Basically I have a question in which there are two solutions, A and B. A is a buffer because there is 25cm3 of sodium hydroxide 0.010 mol/dm3 and 50cm3 of 0.010 mol/dm3 of ethanoic acid. This apparently means it is acidic.

Howver B is not a buffer and apparently this is because it is neutral. The only difference is that it has 25cm3 of sodium hydroxide 0.020mol/dm3.

Why does this make it neutral? Because the concentrations are not the same? But why would it be neutral when I add more alkali?

:confused:

Reply 1

Wenzel

If you double the concentration, you'll double the amount of OH- ions (NaOH). So basically, doubling the concentration is the same as doubling the volume here. This means there is enough OH- ions to neutralise the acid in B (since there is equal moles of the ethanoic acid and sodium hydroxide and it is a 1:1 ratio; NaOH + CH₃COOH ----> CH₃COONa + H₂O).

In A, half of the H+ ions will be able to react, but half will still remain (since NaOH is half the volume but same concentration), leaving the system in equilibrium and slightly acidic, with approximately equal amounts of the salt and the acid i.e. a buffer solution. If you need an explanation on how buffer solutions work, feel free to ask.

Reply 2

-Kav-

This all seems like a long time ago, to the extent that I'm no longer sure what a buffer is, but if the question boils down to why B is neutral, it's because the overall concentrations of acid and alkali in the solution are the same.
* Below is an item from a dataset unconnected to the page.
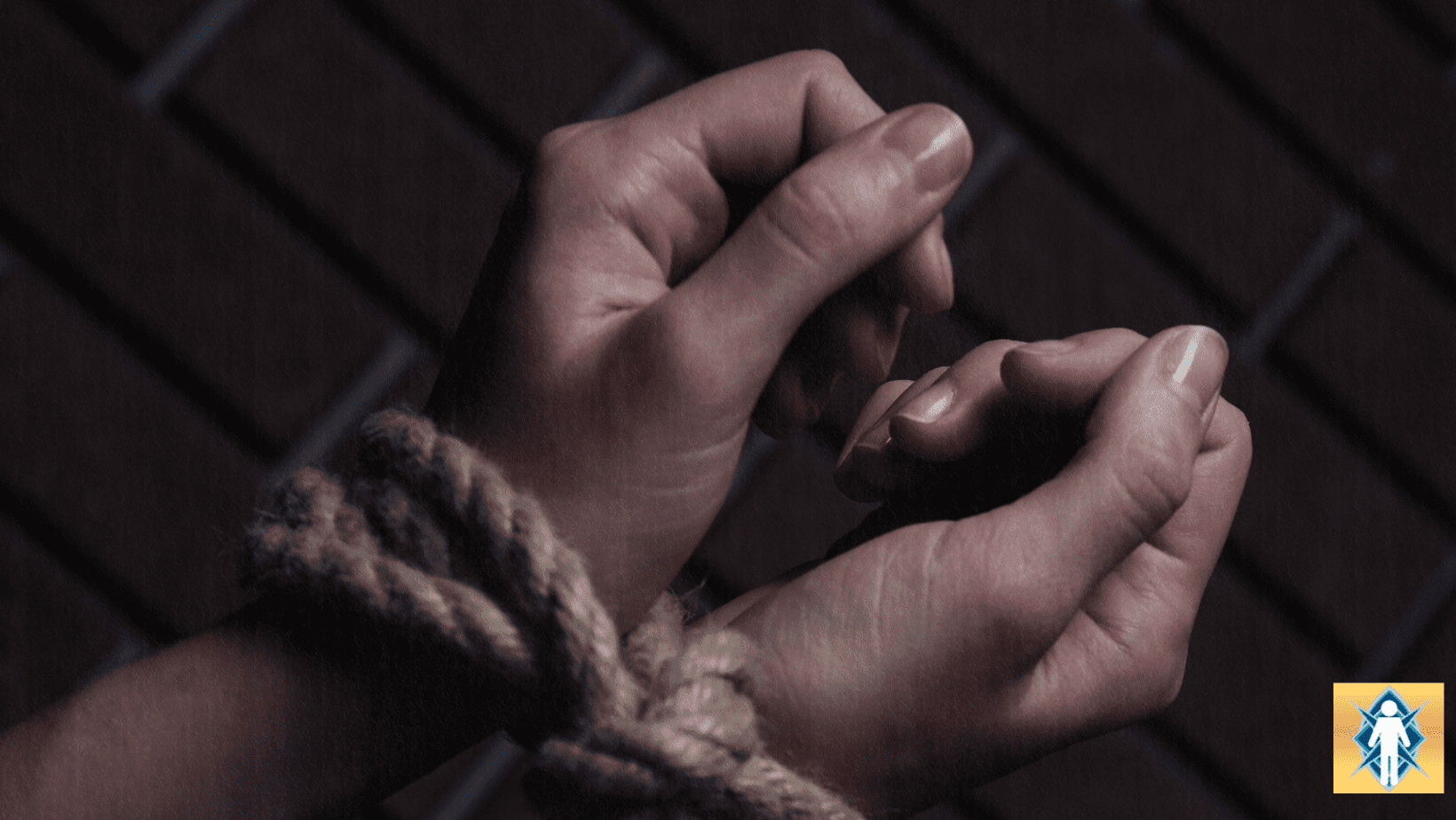 Hands tied with rope against brick background.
Since the neutralise in a 1:1 ratio, equal concentrations should result in a neutral solution.

Reply 3

hunibuni

Except that buffers act to minimise the pH change in an acid/base solution, I don't really get how they work tbh so an explanation would be great! Well...I mean, I get, for example, that with ammonium hydroxide, you would have an excess of the reactant and of the NH4+ ion so when you add OH- it can react with the NH4+ without there being a significant effect on pH and when you add OH- it reacts with the H+ and is removed as water and then the excess of the reactant means more can dissolve to replace the lost ions. But I am still a bit confused...and I don't quite get why the other half of the H+ ions cannot react - because you only effectively have 0.5 of the required OH- and so only 0.4 can be 'paired up'?

Also, how do I know it's a 1:1 ratio?

Thank you so much for your help, both of you! I'm sorry to be so annoying with all these questions!

Reply 4

Wenzel

What you've explained is more or less all there is too it. :p:

Using your example of ammonia, if you add small amounts of acid, the H⁺ ions will be removed by NH₃ and OH^-; since it's in equillibrium some H⁺ ions will remain, and the pH will still decrease by a very, very tiny amount (buffers oppose change in pH, don't stop it entirely). If you add a small amount of alkali NH₄⁺ will react with the OH^- ions producing NH₃ and H₂O; again though some OH^- will always remain.

I'll use my equation from earlier to explain the ratio thing:

NaOH + CH₃COOH ----> CH₃COONa + H₂O

Here you can see 1 mole of NaOH reacts with 1 mole of CH₃COOH, hence it is a 1:1. Now look at this equation:

2HCl + Na₂CO₃ ----> NaCl + CO₂ + H₂O

Now we need 2 moles of HCl for every 1 mole of Na₂CO₃ that reacts. So the molar ratio would be 2:1.